**What you will do**
Your task is to transcribe, word for word, the line containing "18.94 ct Brown" and all lines that follow it to the end of the entries. Leave out the pictures.

------------------------------------------------

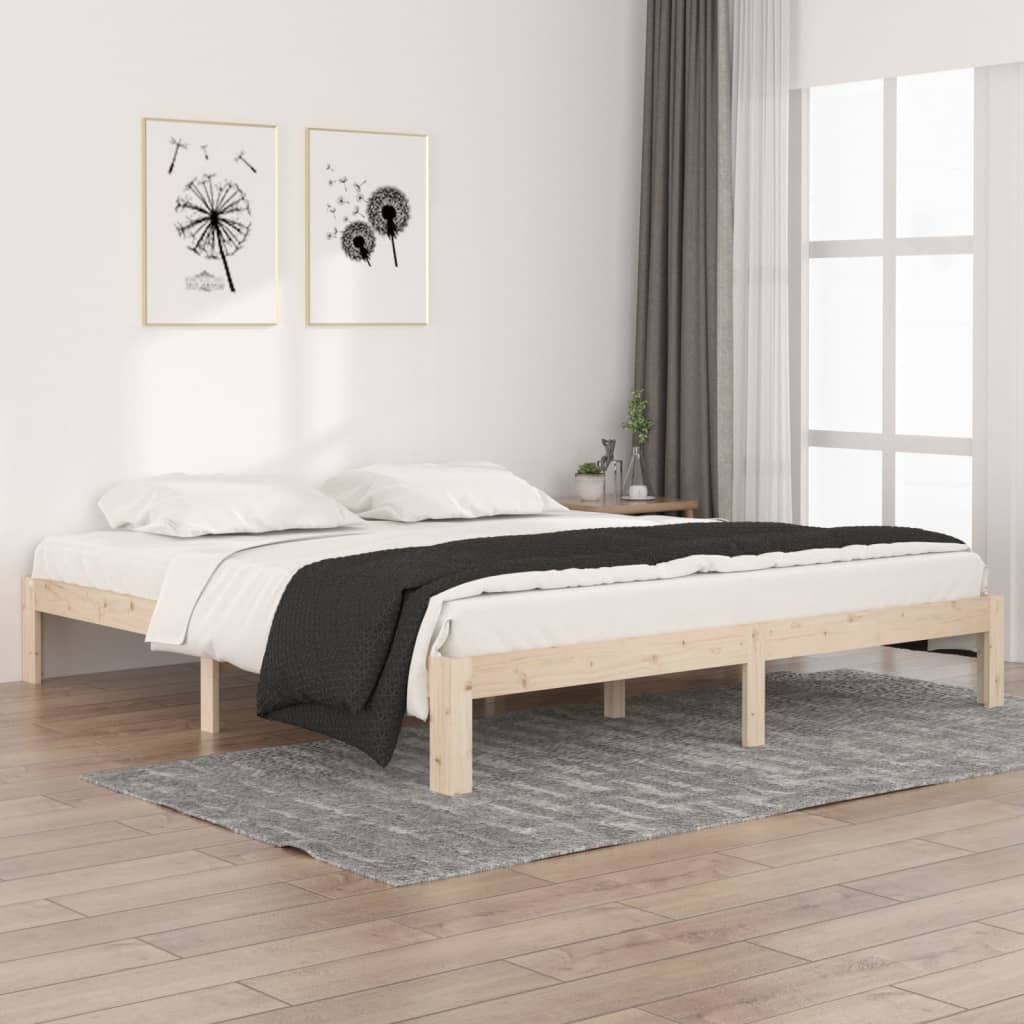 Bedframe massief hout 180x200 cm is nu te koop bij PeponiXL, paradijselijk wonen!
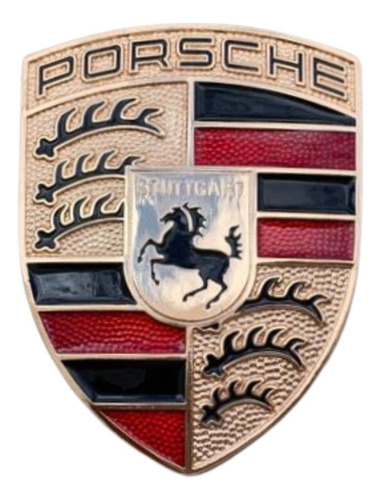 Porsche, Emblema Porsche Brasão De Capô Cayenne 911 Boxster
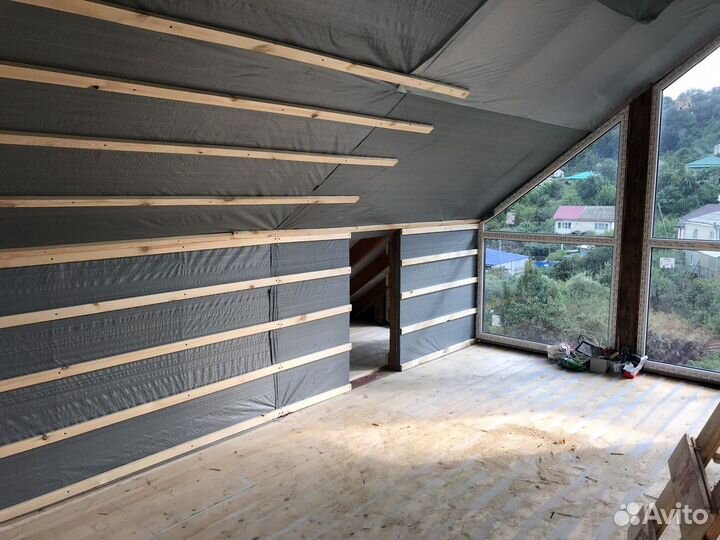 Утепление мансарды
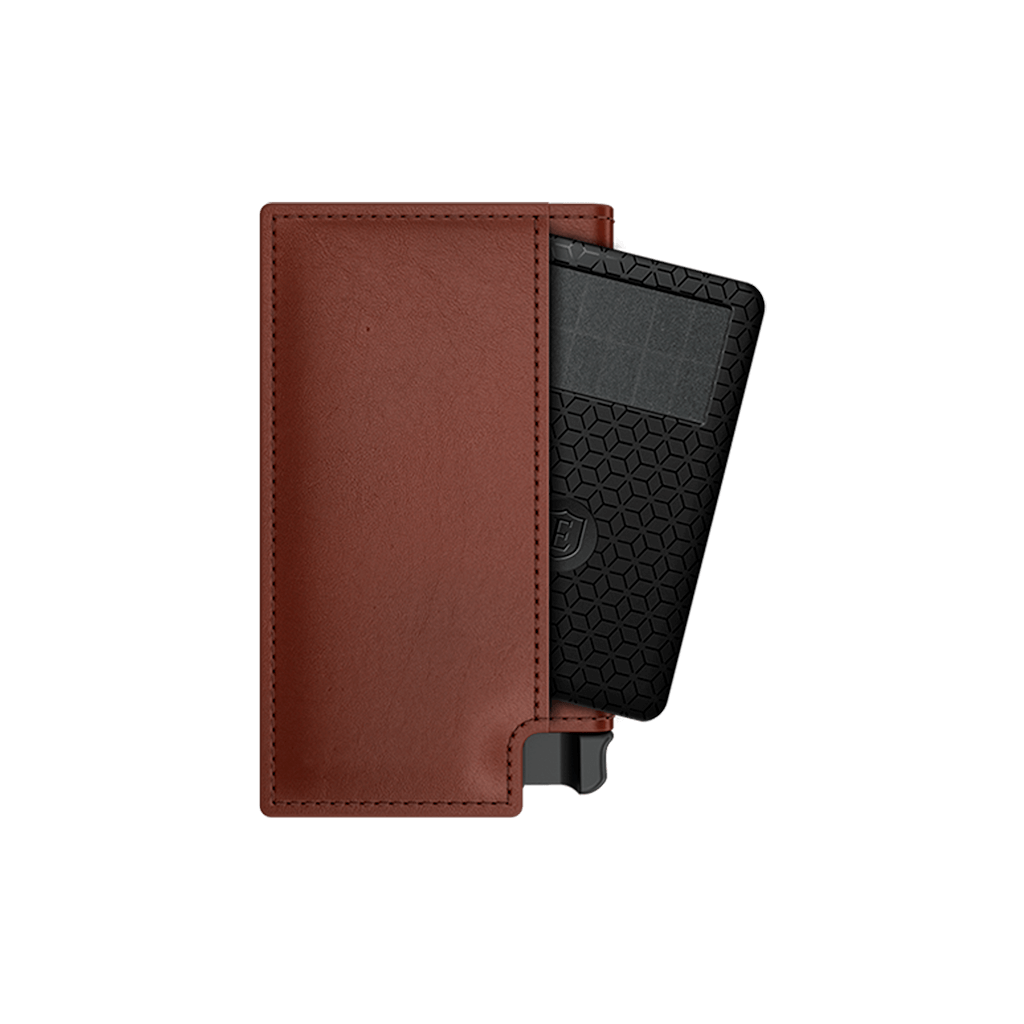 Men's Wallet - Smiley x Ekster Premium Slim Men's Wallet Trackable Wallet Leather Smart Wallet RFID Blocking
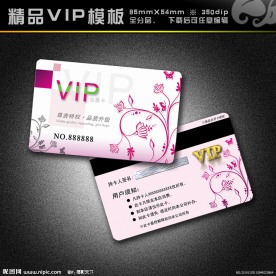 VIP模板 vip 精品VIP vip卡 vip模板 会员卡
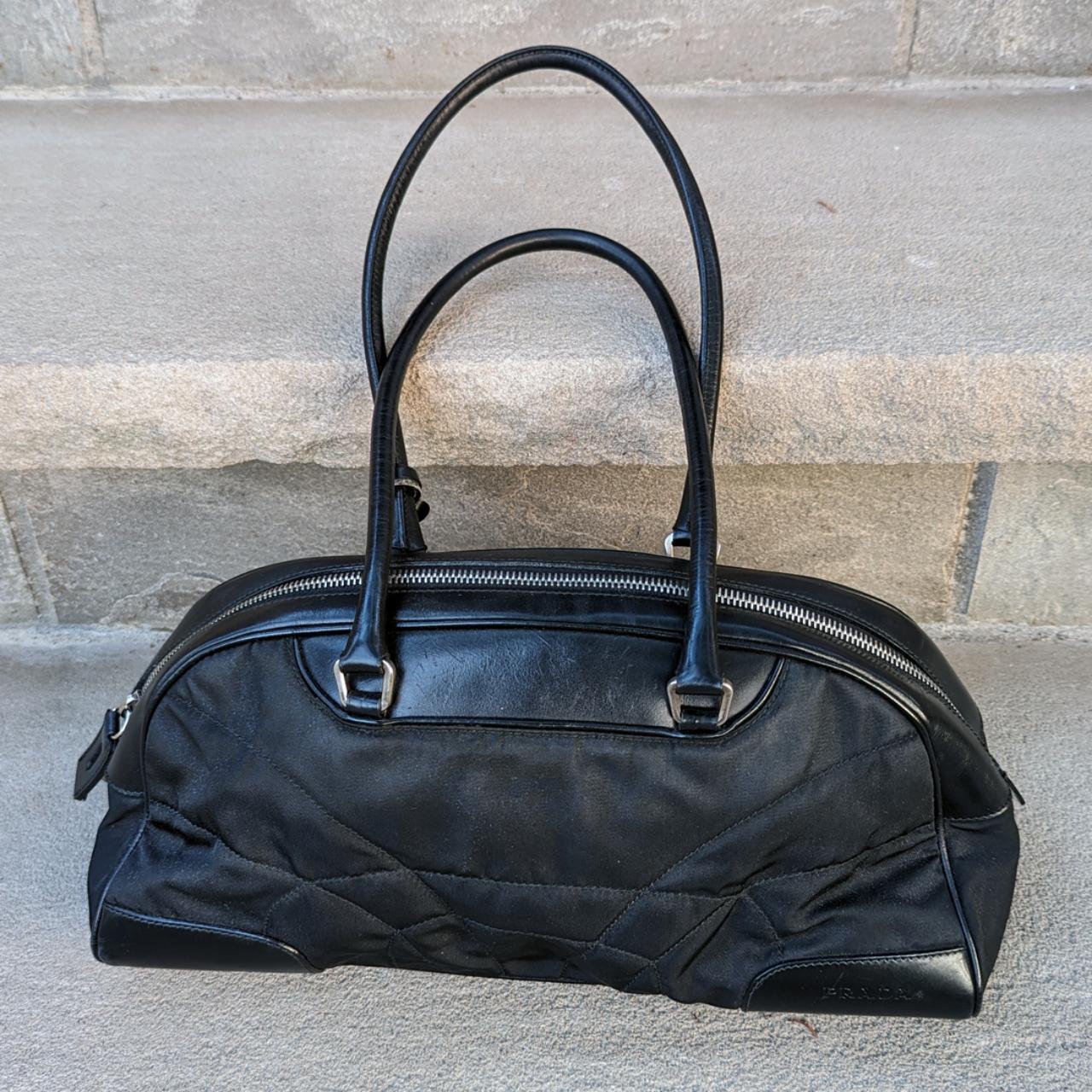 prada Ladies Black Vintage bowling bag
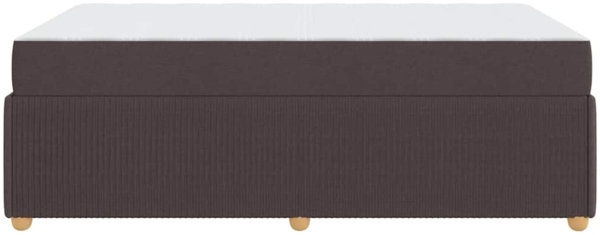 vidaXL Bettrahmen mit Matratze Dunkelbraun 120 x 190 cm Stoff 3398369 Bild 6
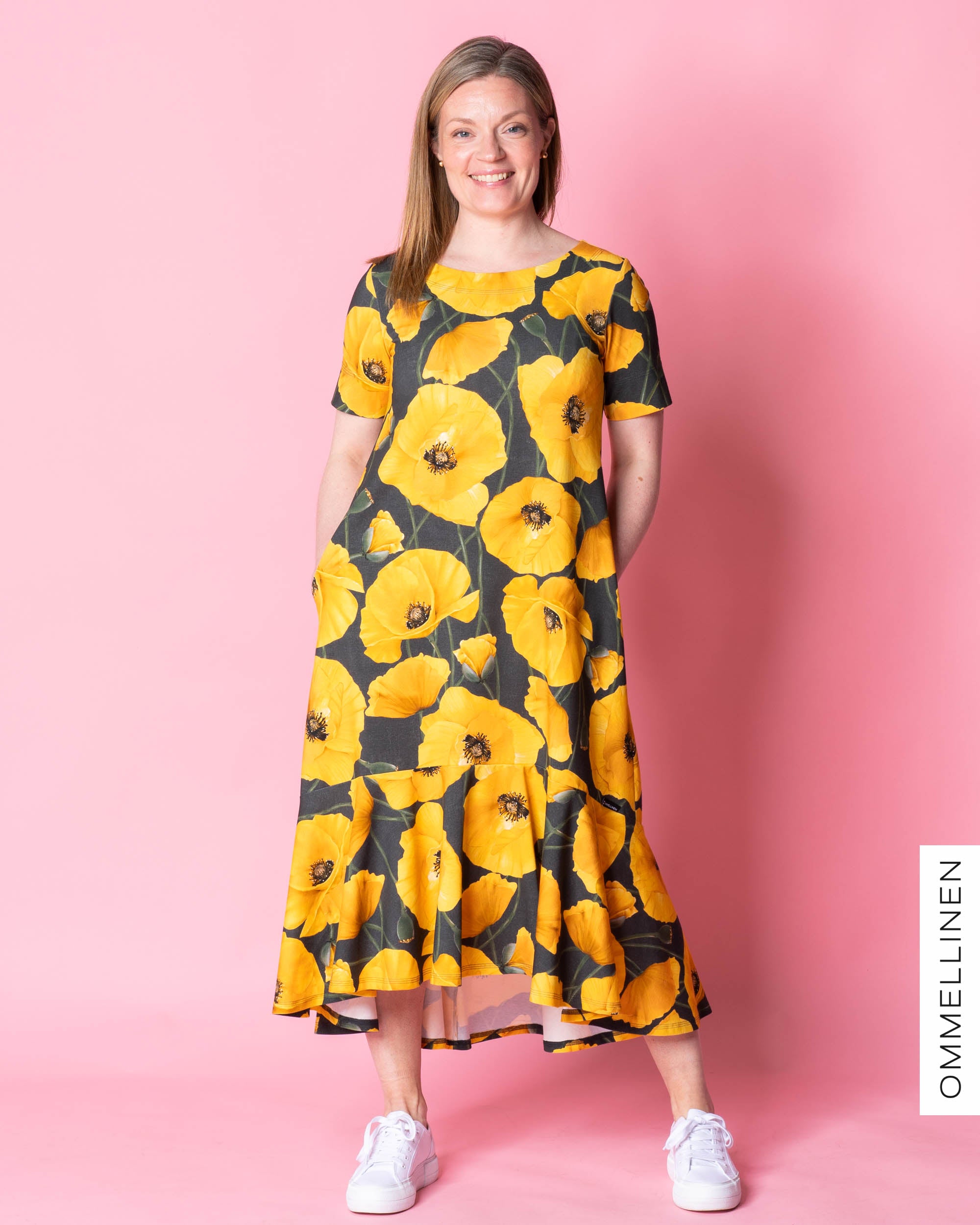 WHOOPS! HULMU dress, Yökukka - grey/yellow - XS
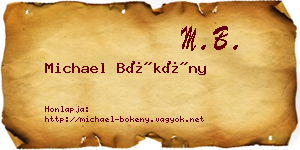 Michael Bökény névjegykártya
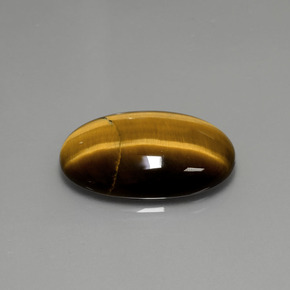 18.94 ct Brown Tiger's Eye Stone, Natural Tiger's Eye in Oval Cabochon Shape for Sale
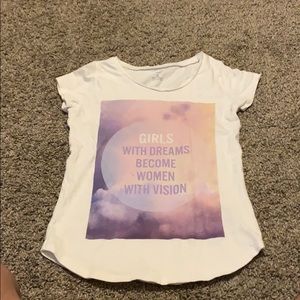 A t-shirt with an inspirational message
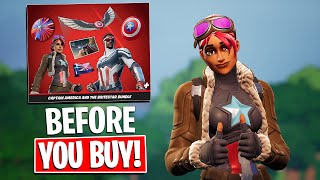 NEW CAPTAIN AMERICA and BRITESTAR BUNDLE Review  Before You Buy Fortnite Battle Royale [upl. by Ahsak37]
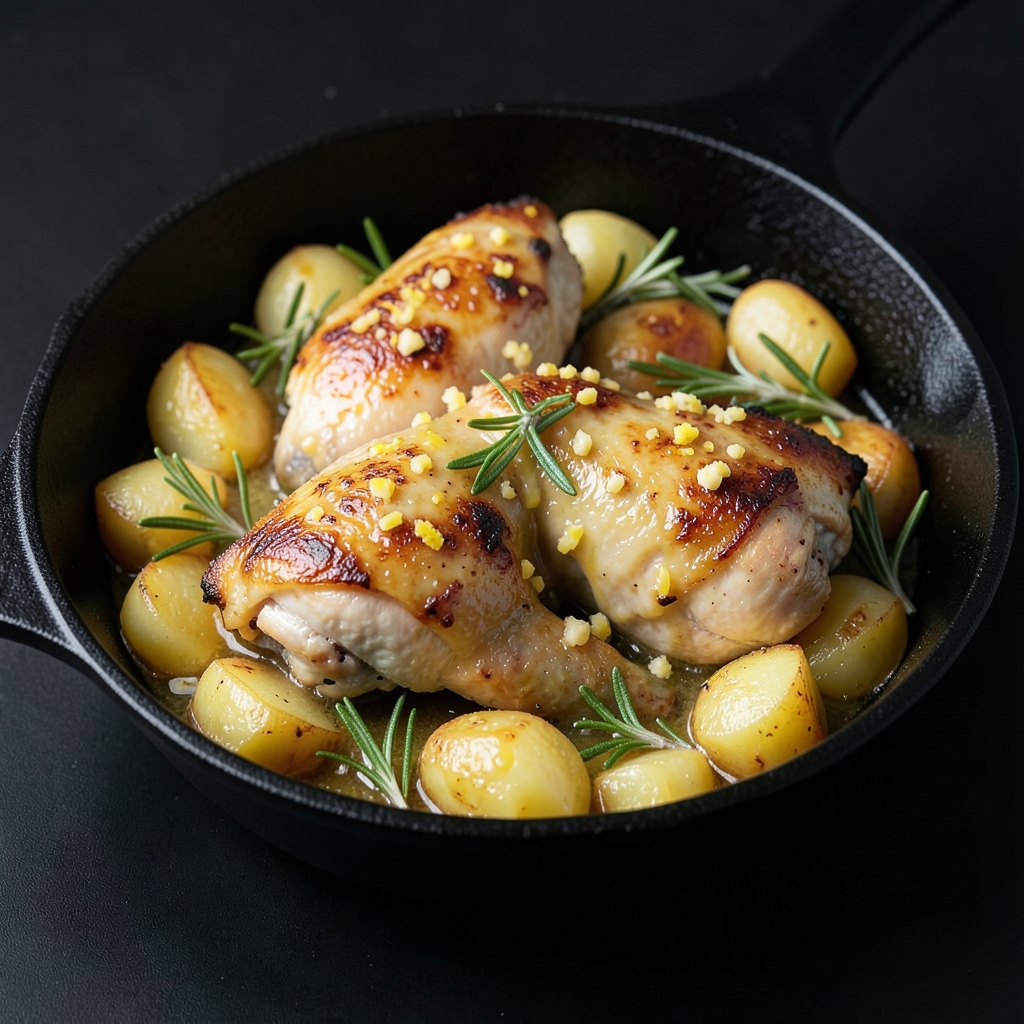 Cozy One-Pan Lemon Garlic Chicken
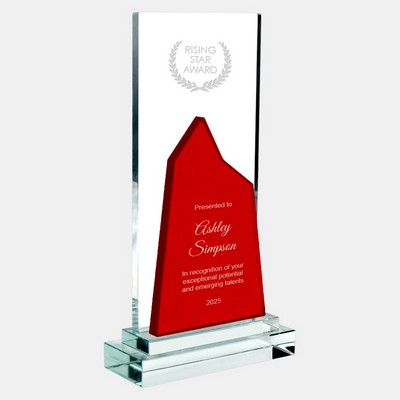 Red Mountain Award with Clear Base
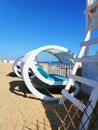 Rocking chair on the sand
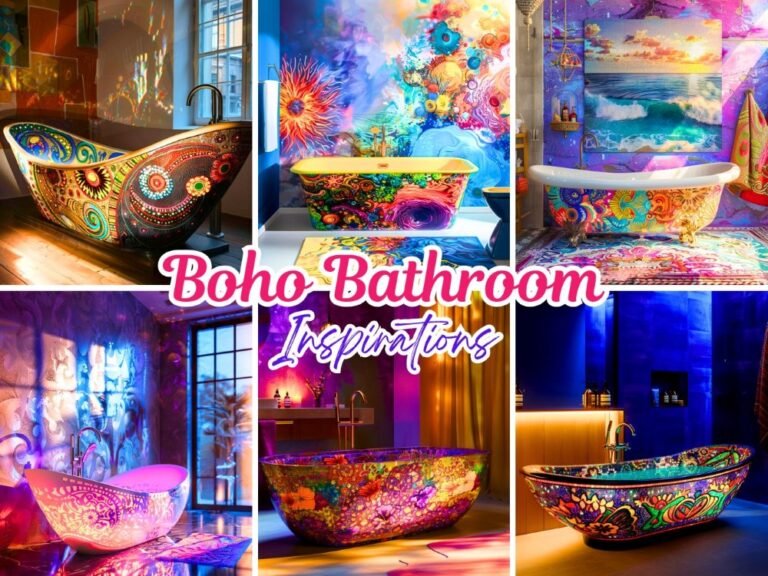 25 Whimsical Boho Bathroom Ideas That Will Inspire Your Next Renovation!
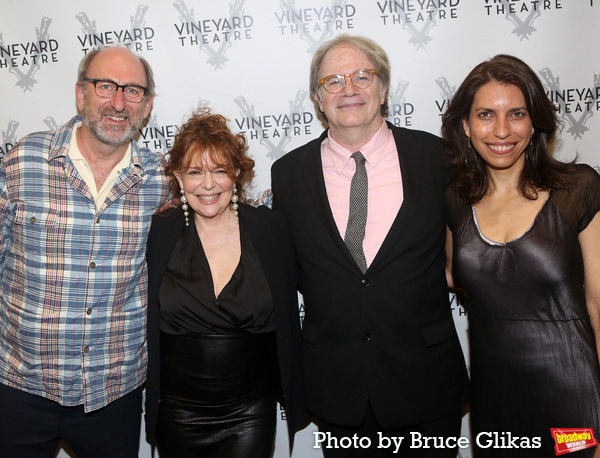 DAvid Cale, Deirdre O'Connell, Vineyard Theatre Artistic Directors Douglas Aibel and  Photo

------------------------------------------------

**Solution for this problem**
 18.94 ct Brown Tiger's Eye Stone, Natural Tiger's Eye in Oval Cabochon Shape for Sale
 A t-shirt with an inspirational message
 NEW CAPTAIN AMERICA and BRITESTAR BUNDLE Review  Before You Buy Fortnite Battle Royale [upl. by Ahsak37]
 Cozy One-Pan Lemon Garlic Chicken
 Red Mountain Award with Clear Base
 Rocking chair on the sand
 25 Whimsical Boho Bathroom Ideas That Will Inspire Your Next Renovation!
 DAvid Cale, Deirdre O'Connell, Vineyard Theatre Artistic Directors Douglas Aibel and  Photo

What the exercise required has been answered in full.